During tests, in the case of autoassociative neural networks, the most readable views were obtained with the network consisting of six layers in total. Three layers were used for the change of seven-dimensional input space into two outputs \((y_{3,1}, y_{3,2})\) of the interlayer used for the visualization. Then, three layers were used to change these two outputs into seven network outputs. Figure 9 presents the view obtained using the autoassociative neural network. It is visible in the figure that signals being the response to data representing samples of coal with different susceptibility to gasification accumulate in aggregations. These aggregations can easily be separated from each other. We can conclude from this that samples of coal well and poorly susceptible to gasification occupy separate subareas of the multidimensional space of features. This in turn allows to state that selected features are sufficient for the correct differentiation in the susceptibility to fluidal gasification. Areas occupied by signals representing different susceptibility to gasification are separated by a curve in the figure. This curve does not have any inflection points. This means that the obtained view constitutes the most readable result from the perspective of the assumed criterion for the readability of the visualization results. This view was obtained with \({\text {ITER}}=340\), which means that network learning was repeated 340 times for each sample. It must be noted that the autoassociative neural network learning proceeds without any information on belonging of data vectors to specific classes. In this connection, the way in which signals of the interlayer used for the visualization are grouped depends only on some features of these data observed by the network.

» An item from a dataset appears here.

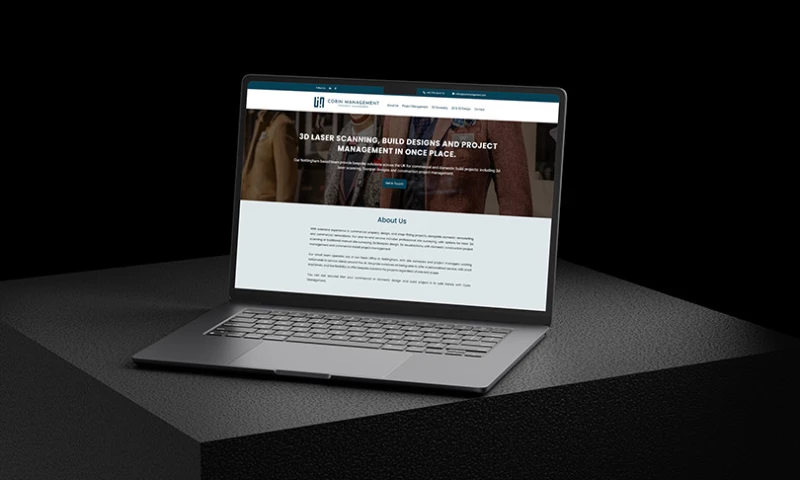 Redefine Web - Web Design and Development for Corin Management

Figure 10 presents the view obtained using the autoassociative neural network for data describing samples of coal with a different degree of susceptibility to fluidal gasification, but with the omission of the chlorine content effect. Such an approach causes that significantly more samples are marked as well susceptible to gasification. The consequence of using such samples for gasification is only a small increase in the level of contamination. It is also visible in the figure that signals being the response to data representing samples of coal with different susceptibility to gasification accumulate in aggregations. These aggregations can easily be separated from each other. We can conclude from this that samples of coal well and poorly susceptible to gasification occupy separate subareas of the multidimensional space of features. This in turn allows to state that selected features are sufficient for the correct differentiation in susceptibility to fluidal gasification also with the omission of the chlorine content effect. Areas occupied by signals representing different susceptibility to gasification are separated by a curve. This curve also does not have any inflection points. This view was obtained with \({\text {ITER}}=9000\), which means that network learning was repeated 9000 times for each sample. Additionally, random initial values of weights other than for the previous figure were generated in order to obtain the above view.

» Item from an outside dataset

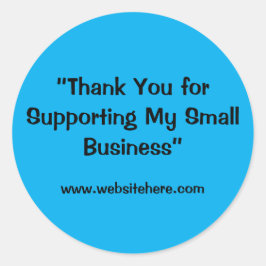 Adesivo Redondo “Thank You for Supporting My Small Business”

Figures 11, 12, 13 and 14 present the results obtained using Kohonen maps. During the tests, the most readable views were obtained with the neural network consisting of 40 rows and 40 columns of neurons, thus of 1600 neurons. Figure 11 presents the view of a response of the neural network to one of input data vectors representing a sample well susceptible to fluidal gasification. The field brightness level denotes the values of a response of a neuron in a given position to a given sample. The brighter field denotes a greater value, and the darker field—a lower value at the neuron output. The winner neuron, that is, the neuron which obtained the largest value at the output, is marked with symbol ‘x’. Figure 12 presents the view of a response of the neural network to one of input data vectors representing a sample poorly susceptible to fluidal gasification. Similarly as in the previous figure, the winner neuron, that is, the neuron which obtained the largest value at the output, is marked with symbol ‘x’.

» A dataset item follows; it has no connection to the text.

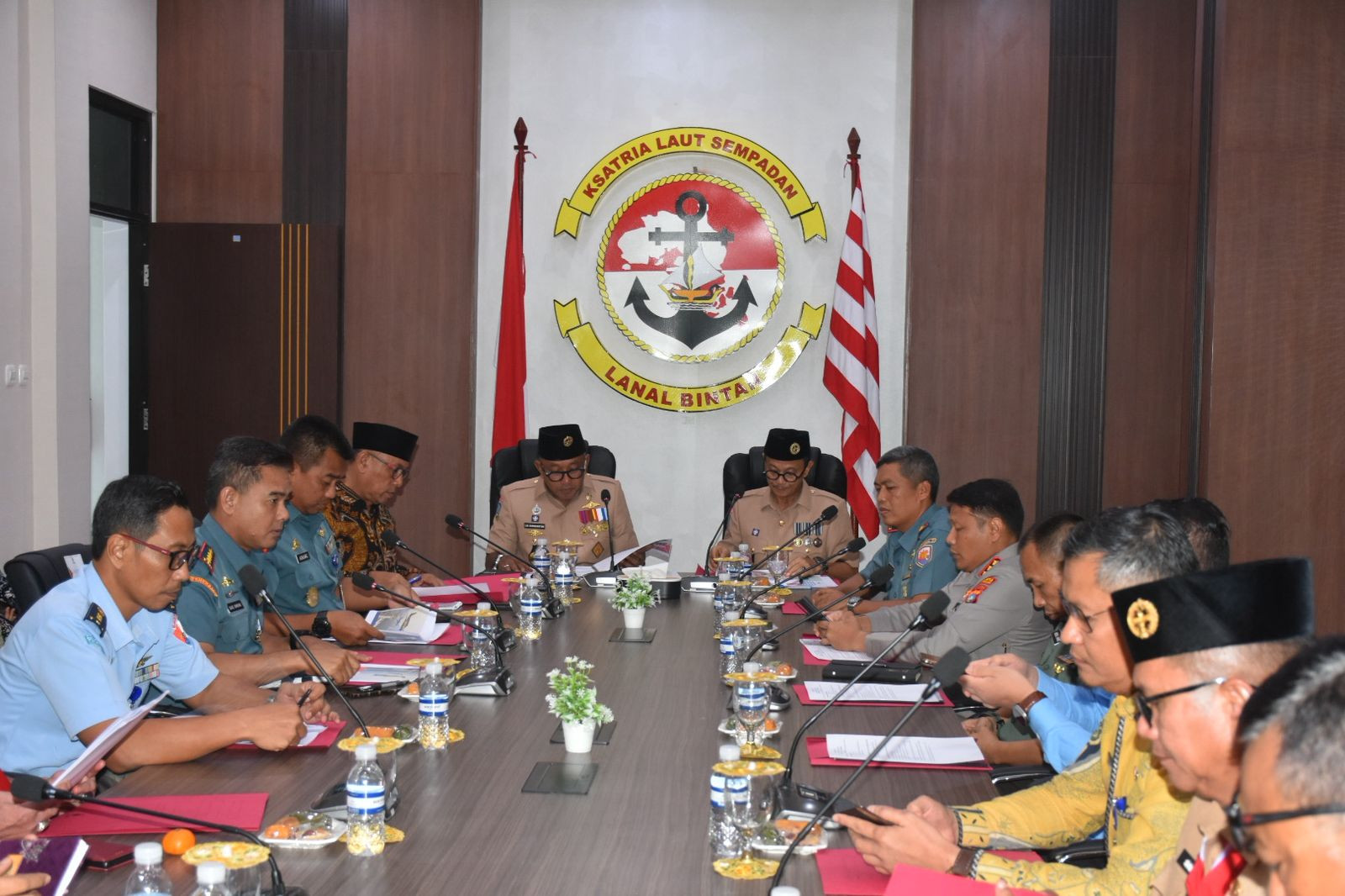 Lanal Bintan Tuan Rumah Rapat Forkopimda Kota Tanjungpinang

Figure 13 was obtained as a result of displaying winner neurons obtained in Figs. 11 and 12 along with winner neurons representing each of the remaining data vectors. It can be seen how neurons divided data representing a different degree of susceptibility to gasification between themselves. It is visible that neurons representing samples of coal with the same susceptibility to gasification accumulate in aggregations. These aggregations can easily be separated from each other. Based on the use of Kohonen maps, we can conclude that samples of coal well and poorly susceptible to gasification occupy separate subareas of the multidimensional space of features. This in turn allows to state that selected features are sufficient for the correct differentiation in susceptibility to fluidal gasification. Areas occupied by neurons representing different susceptibility to gasification are separated by a curve in the figure. This curve does not have any inflection points. This view was obtained with parameters MAX_DISTANCE = 7 and ITER = 1570. The assumed MAX_DISTANCE denotes that during the network self-organization, weights of neurons at the distance of less than 7 from the winner neuron were changed. The assumed ITER denotes the number of repetitions of the network self-learning performed for all data vectors. It must be noted that Kohonen maps self-learning proceeds without any information on belonging of data vectors to specific classes. In this connection, the way in which neurons are grouped depends only on some features of these data observed by the network.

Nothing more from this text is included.